Lorenn completou o que meu irmão estava dizendo...
-Não acho que ele pareça perigoso, pelo menos não para mim...
-Claro que ele não é perigoso pra você Rachel, você tem um irmão que vive pra te proteger.
E então eu disse sem pensar e completamente triste :
-Não tenho tanta certeza disso...
Foi só depois de ter dito que eu percebi como as minhas palavras o machucaram de tal forma, ele sabia de toda a historia que envolvia o Ryan, e ele sempre se culpou por não estar lá e de certa forma não era exatamente culpa dele, não da forma que aconteceram as coisas, não era pra ser assim, não sei nem por que estávamos lá...
-Desculpa Brendon, não foi isso que eu queria dizer, foi culpa minha não sua do que aconteceu e eu vou tomar mais cuidado pra que eu sempre esteja perto de você, pra que você sempre possa cuidar da minha segurança...
-Não foi culpa sua, eu já disse...
-Lorenn tem razão Rachel, a culpa toda é do papai, se ele não tivesse me obrigado a trabalhar, eu estaria lá com você.. e ...
-Isso é passado Brendon, não podemos culpar o papai, a verdade é que temos que pensar no que vamos fazer agora e esquecer toda a tragédia que ocorreu.
-Mesmo ele te esnobando, você sempre o defende, eu não entendo Rachel, como você pode amá-lo tanto, mesmo depois das coisas horríveis que ele te faz, você é simplesmente o ser mais admirável que eu já conheci, e eu tenho muita sorte de ter você como irmã, se eu te perdesse, eu não sei o que eu faria... E eu não me perdoou, por isso quase ter acontecido e eu estava muito ocupado trabalhando, pra poder te ajudar..
-Irmão, eu te amo e nada vai mudar isso, então pare de se condenar, com algo que você nem teve culpa!
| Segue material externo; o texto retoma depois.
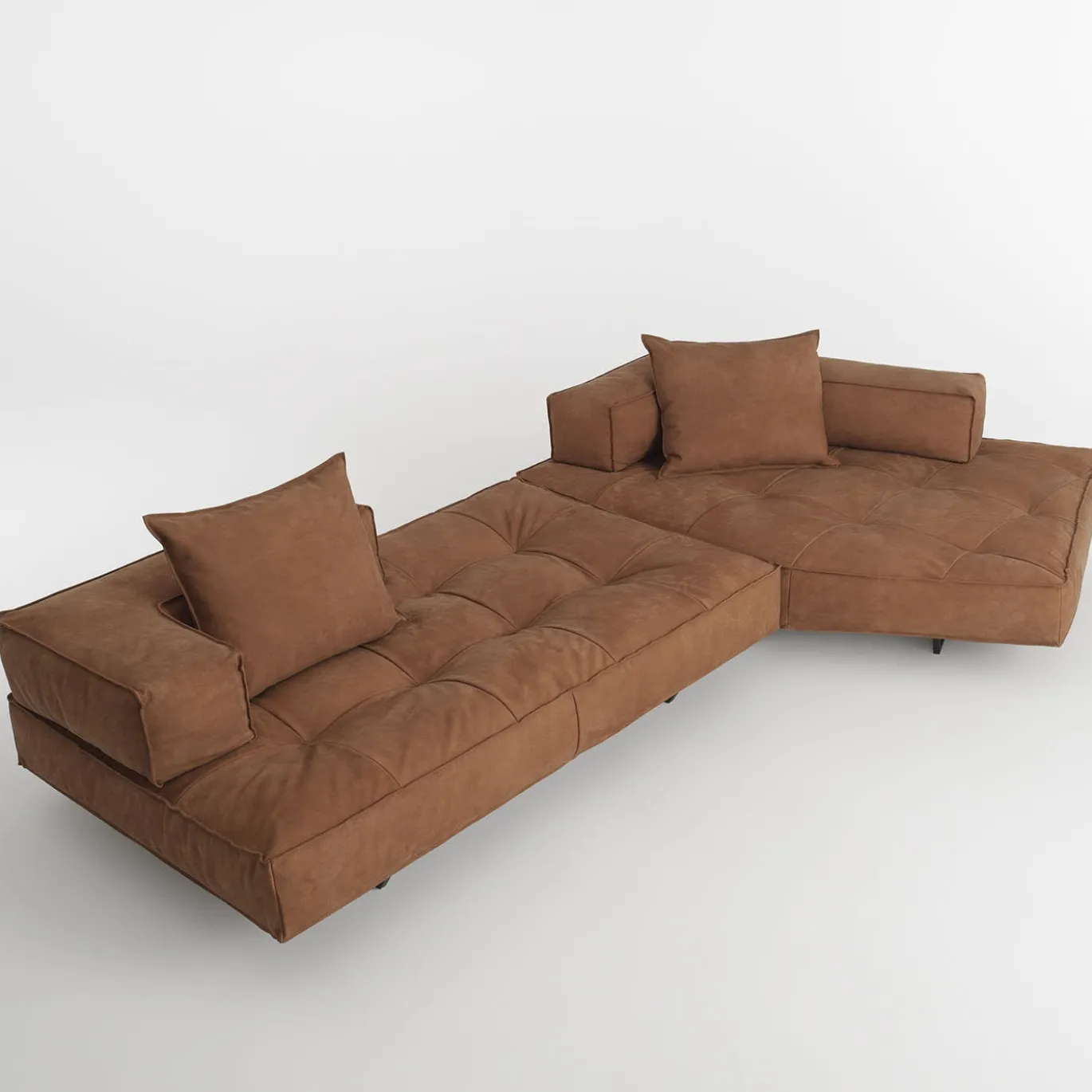 Divano in pelle nubuk rustica M1 Pentagon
.-É Brendon, a culpa não foi sua. Mas em Rachel, podemos ir dormir? Já estou cansada...
-Ah, Claro Lorenn...
A verdade, é que toda aquela historia e aquelas lembranças, só me deixaram mais cansada ainda, então demos um abraço de boa noite no meu irmão, subimos para o meu quarto, nos trocamos e antes de adormecer completamente, eu cruzei os dedos e fiz um desejo: Que tudo voltasse a ser como era antes.. Então, eu adormeci.